Native Instruments has tweaked their Elektrik Piano, finally adding Universal Binary support for Intel Macs. Unlike the Vokator and Spektral Delay updates, though, there are some new features for everyone to enjoy. The samples are the same, but everything else has gotten an update:
- Kontakt 2 Engine: EP now supports the excellent KONTAKT sampling engine. I’ve talked to several sound designers who feel this really is the best sampling engine around, so it’ll be great spending some time with the reworked EP to see how it performs.
- New Models: New impulse-response room and cabinet simulations.
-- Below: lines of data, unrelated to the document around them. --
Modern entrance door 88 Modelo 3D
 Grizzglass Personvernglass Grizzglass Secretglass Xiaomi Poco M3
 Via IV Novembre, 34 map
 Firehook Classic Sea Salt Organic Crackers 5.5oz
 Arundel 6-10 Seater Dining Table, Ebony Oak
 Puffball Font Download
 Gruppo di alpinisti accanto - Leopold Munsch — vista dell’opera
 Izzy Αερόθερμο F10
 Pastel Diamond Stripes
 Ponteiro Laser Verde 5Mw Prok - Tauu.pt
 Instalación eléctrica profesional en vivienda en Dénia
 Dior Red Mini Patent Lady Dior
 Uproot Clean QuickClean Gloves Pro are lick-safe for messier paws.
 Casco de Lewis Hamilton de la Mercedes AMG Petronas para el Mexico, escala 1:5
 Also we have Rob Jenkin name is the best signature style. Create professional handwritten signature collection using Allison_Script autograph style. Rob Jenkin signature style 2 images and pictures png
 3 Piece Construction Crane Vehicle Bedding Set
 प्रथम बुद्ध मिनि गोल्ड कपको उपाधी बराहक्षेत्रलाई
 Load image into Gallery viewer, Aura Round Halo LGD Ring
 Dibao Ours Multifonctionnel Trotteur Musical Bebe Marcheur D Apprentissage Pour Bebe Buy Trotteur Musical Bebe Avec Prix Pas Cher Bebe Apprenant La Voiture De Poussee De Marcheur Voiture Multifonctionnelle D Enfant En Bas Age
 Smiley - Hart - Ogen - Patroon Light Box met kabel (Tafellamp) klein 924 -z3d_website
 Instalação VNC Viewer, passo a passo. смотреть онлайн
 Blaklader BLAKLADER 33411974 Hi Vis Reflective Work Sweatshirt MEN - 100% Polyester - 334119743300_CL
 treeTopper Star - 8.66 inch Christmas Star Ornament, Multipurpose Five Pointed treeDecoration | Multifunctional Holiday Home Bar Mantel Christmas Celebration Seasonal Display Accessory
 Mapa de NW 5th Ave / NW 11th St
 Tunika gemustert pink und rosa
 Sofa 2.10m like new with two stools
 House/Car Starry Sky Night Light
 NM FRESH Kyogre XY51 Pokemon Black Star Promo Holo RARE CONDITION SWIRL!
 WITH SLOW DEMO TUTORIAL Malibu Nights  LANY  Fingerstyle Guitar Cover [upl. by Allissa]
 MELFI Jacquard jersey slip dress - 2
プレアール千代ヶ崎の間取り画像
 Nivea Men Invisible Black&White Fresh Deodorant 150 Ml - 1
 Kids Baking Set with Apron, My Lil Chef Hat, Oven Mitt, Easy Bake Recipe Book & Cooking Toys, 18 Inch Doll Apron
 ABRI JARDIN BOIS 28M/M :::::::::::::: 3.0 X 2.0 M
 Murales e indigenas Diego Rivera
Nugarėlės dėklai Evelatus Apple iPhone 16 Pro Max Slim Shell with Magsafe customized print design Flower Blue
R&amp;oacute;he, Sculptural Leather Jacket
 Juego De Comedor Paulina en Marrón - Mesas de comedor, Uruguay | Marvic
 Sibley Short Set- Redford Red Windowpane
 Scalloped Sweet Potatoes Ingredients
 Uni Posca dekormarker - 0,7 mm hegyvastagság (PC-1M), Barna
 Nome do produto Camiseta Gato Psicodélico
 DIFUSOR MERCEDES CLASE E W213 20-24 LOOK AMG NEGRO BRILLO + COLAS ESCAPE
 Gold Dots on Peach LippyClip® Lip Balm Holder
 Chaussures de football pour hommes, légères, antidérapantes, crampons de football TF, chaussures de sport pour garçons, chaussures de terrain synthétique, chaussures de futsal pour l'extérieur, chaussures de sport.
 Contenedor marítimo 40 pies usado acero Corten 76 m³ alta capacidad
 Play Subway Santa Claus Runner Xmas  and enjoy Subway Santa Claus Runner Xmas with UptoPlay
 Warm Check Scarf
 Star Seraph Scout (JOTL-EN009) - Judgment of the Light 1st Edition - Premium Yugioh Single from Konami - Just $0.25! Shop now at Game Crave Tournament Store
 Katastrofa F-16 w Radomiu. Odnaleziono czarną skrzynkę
- Mod FX: The mod wheel now controls new tremolo effects (A200, MK1, MK2), and wah (E7), and the E7 adds a “sound” knob that cycles through parameters, plus a damper mechanism model (via the sustain pedal).
- Performance settings: Set dynamic range and randomize velocity, volume, and pitch. I still generally prefer modeling these components to randomizing them with recorded samples, but I’m interested to see how this works — and even how abusing it could create some new hybrid presets.
- New voice allocation: Reduces CPU usage and, says NI, better models mechanical instruments.
- 16 new presets: 16 new “authentic instruments” presets have been designed around the new modeling features.
That’s the good news. The bad news is, the new engine will mean losing your old presets and performance settings, so you will have to rework those. Fortunately, it’s an affordable update with lots of stuff inside (just about EP 2.0, really), at EUR/USD 25 (if you registered before 9/12/06) and free otherwise.